Enjoy the Downtime
Week 26 of 'The Great Wake Up!'
Enjoy the downtime. This was something that I definitely needed to be better at and do more of. I find myself in queues or standing around waiting for something on so many occasions, but unlike others I don't get my phone out or listen to music. Instead I get caught up inside my head, paying attention to all the thoughts that are constantly running through it. I'll be thinking about what I need to do that day, worrying about something (that often doesn't need worrying about), or trying to plan something in the future.
The time can pass without me even realising. I don't notice what is going on around me. It's like watching a film that you're engrossed in, with all my focus being on my thoughts in that particular moment.
So I used this week's experiment to try and help me break that habit. I've talked about my daily commute to work in previous posts and have been open about not enjoying it. It's something that I have to do, so I just get on with it.

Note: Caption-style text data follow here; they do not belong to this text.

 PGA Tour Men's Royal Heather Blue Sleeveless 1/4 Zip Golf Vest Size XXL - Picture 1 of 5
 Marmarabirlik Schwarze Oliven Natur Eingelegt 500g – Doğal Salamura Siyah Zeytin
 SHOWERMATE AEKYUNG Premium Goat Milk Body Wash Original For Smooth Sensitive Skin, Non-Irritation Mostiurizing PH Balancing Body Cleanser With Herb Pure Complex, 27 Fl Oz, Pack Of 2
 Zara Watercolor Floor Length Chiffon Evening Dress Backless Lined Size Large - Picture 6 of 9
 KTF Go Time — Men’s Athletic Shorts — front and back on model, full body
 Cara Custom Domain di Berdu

The wait for the bus in the mornings can sometimes be the worst bit, particularly when the weather isn't playing nicely, which is so often the case. If I'm lucky the wait can be short and the bus arrives quickly, but as is often the way, it can feel like a lifetime. This is when I find myself drifting away from the moment, into planning and worrying mode.
So I wanted to use this time to enjoy what was around me and really connect with my surroundings. I spend so much time at the bus stop but I'd never done that. I'd never noticed how many trees there were and how green the area was. This week I noticed a small group of bright pink flowers which had grown amongst a row of bushes, standing out distinctively amongst its surroundings. I watched the birds swooping past, gathering on the pavement as if they were joining the commuters who were rushing to work. Cars drove past in regular waves and I heard the sounds of the traffic which was surprisingly relaxing with the gentle humming of their engines.

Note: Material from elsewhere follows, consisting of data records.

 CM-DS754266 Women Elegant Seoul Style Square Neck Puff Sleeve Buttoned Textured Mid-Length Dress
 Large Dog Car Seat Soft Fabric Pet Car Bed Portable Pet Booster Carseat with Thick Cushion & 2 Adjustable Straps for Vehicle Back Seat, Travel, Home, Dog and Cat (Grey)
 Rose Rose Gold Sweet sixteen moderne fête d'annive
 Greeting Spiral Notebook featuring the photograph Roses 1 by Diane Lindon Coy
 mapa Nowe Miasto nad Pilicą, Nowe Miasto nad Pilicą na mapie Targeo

It was lovely. So lovely that on the first morning, I hadn't realised I'd been standing there for 30 minutes before someone came over and told me that the buses were on diversion and weren't stopping at my stop. Within a second I was pulled out of this moment of connection and panic set in, realising I was going to have to find another way to get to work and was going to be extremely late! The rest of that journey was then spent firmly back inside my head as I switched back to my usual worrying mode.

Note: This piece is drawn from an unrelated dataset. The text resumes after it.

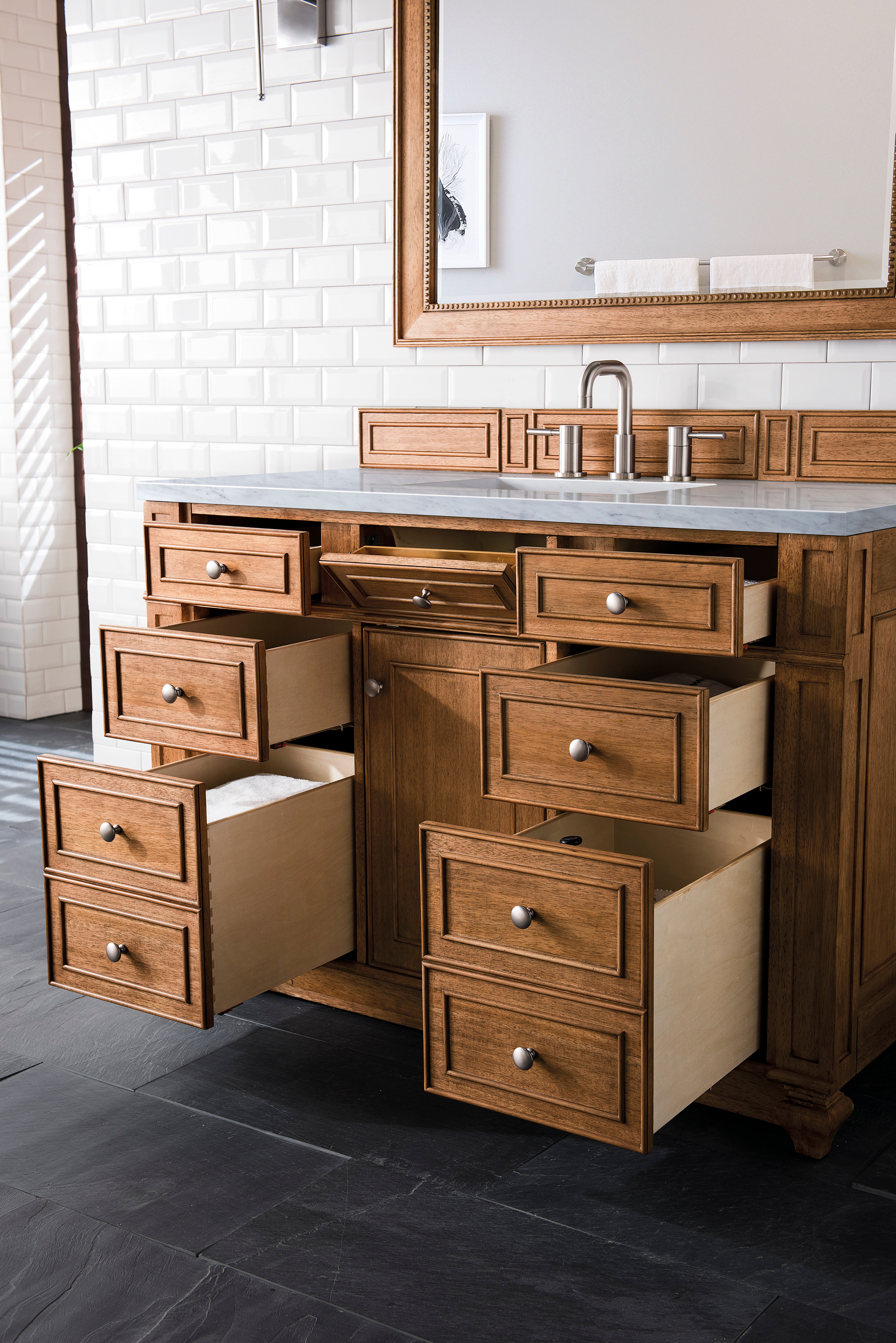 saddle brown vanity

It was a similar experience on the other mornings too where, for one reason or another, I was taken out of enjoying the downtime by delayed buses or because I was running late. Trying this experiment on my daily commute was always going to be difficult given that most people find this time stressful even when things are going smoothly. But when things go wrong it makes it particularly challenging. Perhaps this was even more of a reason for practicing it at that time. After all there was nothing I could do about the delays so why not sit (or stand) back and try and use it as an opportunity to connect with my environment and make the experience more pleasant for myself. Perhaps that will be my next challenge!